A substantial portion of the anticipated value derived from pivotal and strategic organizational changes hinges on how individuals perform their roles. Employing a systematic Change Management approach is akin to securing an insurance policy against the project's goals and objectives, particularly those contingent on employee adoption and usage.

In this context, showcasing the value of Change Management aligns with the broader objectives the project seeks to accomplish. The project's objectives, as delineated in the project charter, business case, or project plan, serve as a foundational reference. For each objective, contemplate whether achieving it relies on people executing their roles differently. While certain changes, such as reducing maintenance contract costs for new technology, may not be people-dependent, many objectives are intricately linked to the human aspect of change.

To delve deeper, pose the subsequent query: "What percentage of these benefits stem from people doing their jobs differently?" This represents the portion of the benefit that can be safeguarded by implementing a robust Change Management approach, highlighting the extent of benefit left unprotected by not investing in Change Management.

 

Perspective 5Probability of Meeting Objectives: 

The ultimate benefit perspective, the probability of meeting objectives, is linked to a burgeoning body of data indicating that more proficient Change Management significantly enhances the likelihood of achieving intended results.

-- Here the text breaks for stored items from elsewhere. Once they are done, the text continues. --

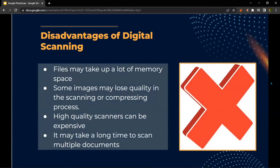However, there are some disadvantages that come with digital scanning, such as files may take up a lot of memory space, and that costs money to have storage on the device. Some images may lose quality in the scanning or compressing process, which is a risk when doing any digital scanning. High-quality scanners can be expensive, so there is that money issue.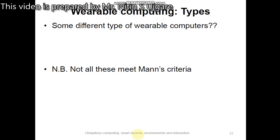There are different types of wearable computers, and not all of them meet Mann's criteria. In the next slide, we are going to learn about these different types of wearable computers.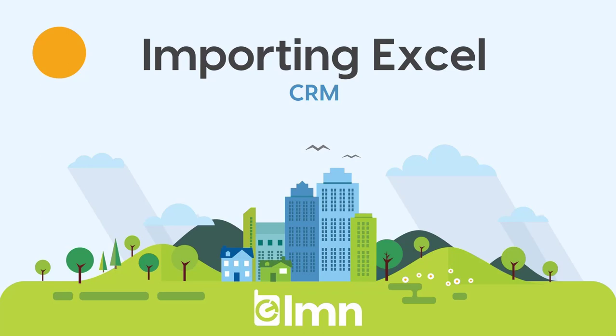Here in this video we're going to walk you through importing your customers from an Excel file. If you use QuickBooks online or desktop, I would definitely recommend you import your customers from there instead of using an Excel file.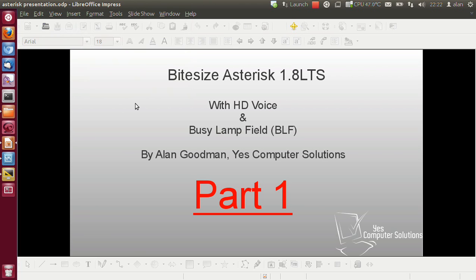Hi and welcome to part 1 of my multi-part series with relation to installing Asterisk 1.8 LTS with busy lamp field support and HD voice on CentOS 6.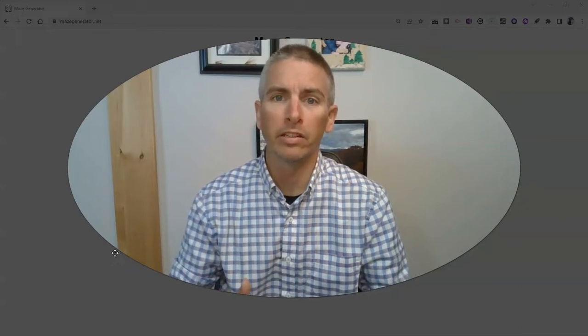Hi, I'm Richard Byrne. In this video, I'm going to show you a quick and easy way to create a printable maze.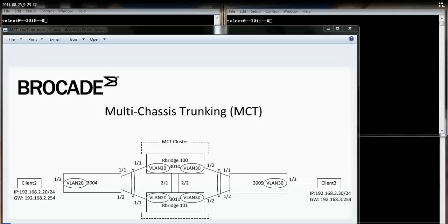This video is on Brocade Multi-Chassis Trunk, also known as MCT. MCT gives you the ability to virtualize two devices at the core or spine layer. This gives you not only link layer redundancy, but also node redundancy.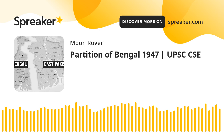The Partition of Bengal in 1947, which was a part of the Partition of India, divided the British Indian province of Bengal based on the Radcliffe line between the Dominion of India and the Dominion of Pakistan. The Hindu majority West Bengal became a state of India, and the Muslim majority East Bengal, which present day is known as Bangladesh, became a province of Pakistan.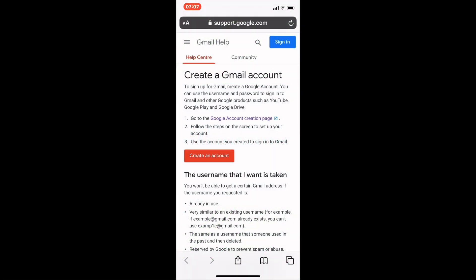We're in the right place to create a Gmail account. Start by tapping on create an account - it's the big red button.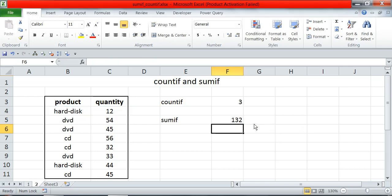So friends, this is a very basic video on count if and sum if. More videos on count if and sum if will follow. Please stay with us. Thank you.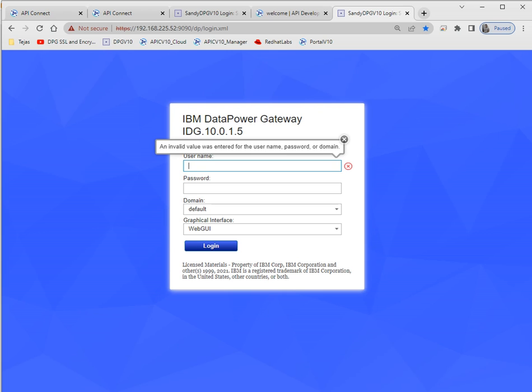Hello friends, welcome to my YouTube channel Tech Mart. Today I'll demonstrate and give you a basic overview of how we'll integrate DataPower, API Connect, Analytics, and Portal. I'll use version 10.0.1.5 for all components — DataPower will have the same version 10.0.1.5.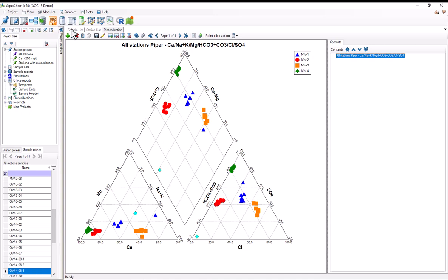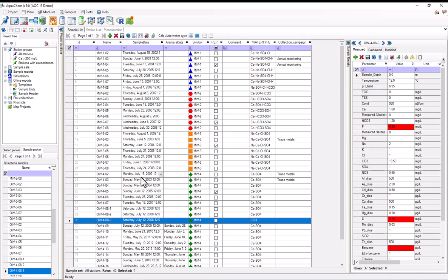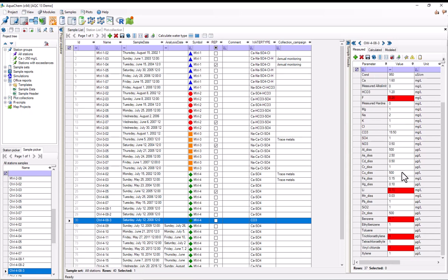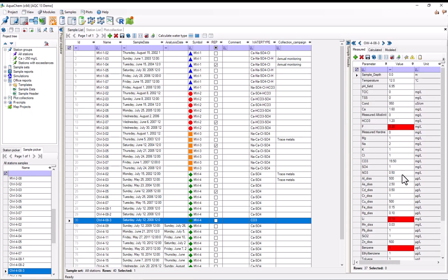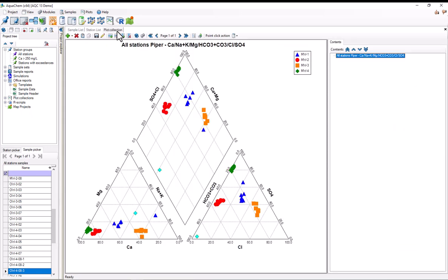Now, if I go to the sample list, we can see that this sample has been automatically selected and I'd be able to review the chemistry data for the sample. So, I'll go back to the plot collection.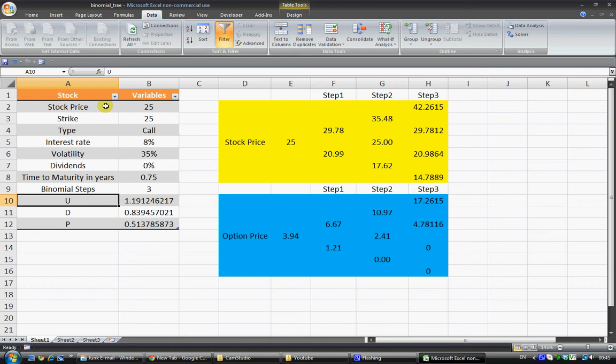More frequently binomial trees are used to calculate American options and especially exotic options as well. Now the real value here is, I don't want to get into too much detail.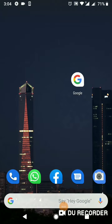Bismillahirrahmanirrahim, Assalamu Alaikum. Welcome to Xenex AR. In this video, we will show you how to view original-sized animals at your own place by simply searching on Google. So let's get into it.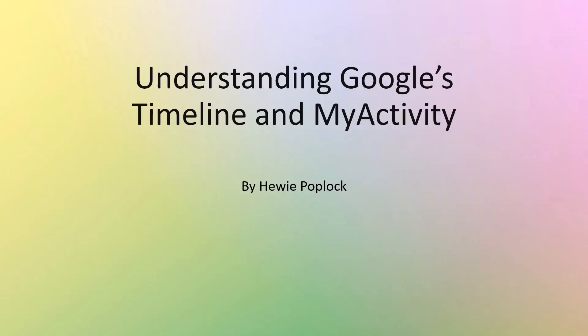This has been Understanding Google's Timeline and Google's My Activity. I'm Huey Popluck. Thank you.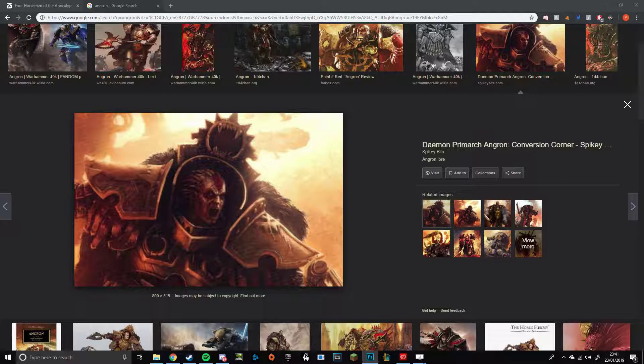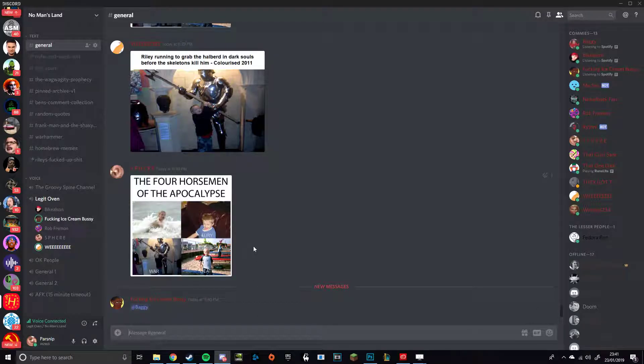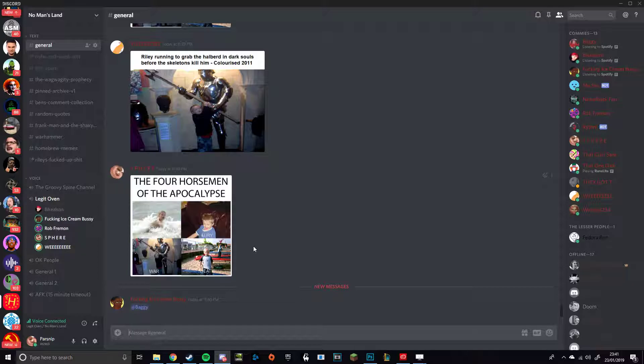See, the thing is though, now we've got the four horsemen of the apocalypse, which of them are the four chaos gods? Bottom left is Khorne. Top right is Slaanesh. Top left is Tzeentch, bottom right is Nurgle.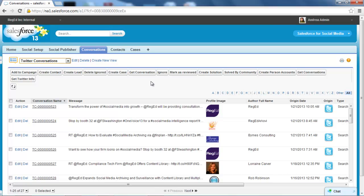So it makes it very easy for a user to be able to use Salesforce for social media to appropriately handle the Twitter post, to make sure the appropriate responses are going back to the originators of those posts. Okay, thank you.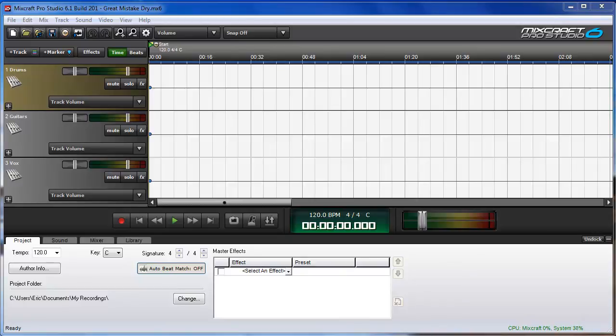Or if you want to share a project with a bandmate or friend so they can also open the project on their computer. First open your project in MixCraft.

The graph presented below illustrates the correlation between the effectiveness of Change Management and the attainment or surpassing of objectives. Crafted using data collected from numerous Change Management professionals worldwide, this correlation underscores that projects with outstanding Change Management practices are seven times more likely to meet objectives compared to those with inadequate Change Management. Even projects with moderate Change Management were three times more likely to succeed.

Unlocking the Potential of Cost-Benefit Analysis

When talking about the value and significance of Change Management, leveraging a cost-benefit analysis proves to be a robust framework. While these advantages may not follow a strict sequence, strategically choosing the most advantageous benefit perspectives tailored to your specific audience, change initiative, organization, and cultural context empowers you to construct a compelling and potent argument for Change Management.

By addressing the specific concerns of your audience and illustrating the connection between Change Management and success via a cost-benefit analysis, you can effectively tilt the balance to secure commitment and investment in Change Management.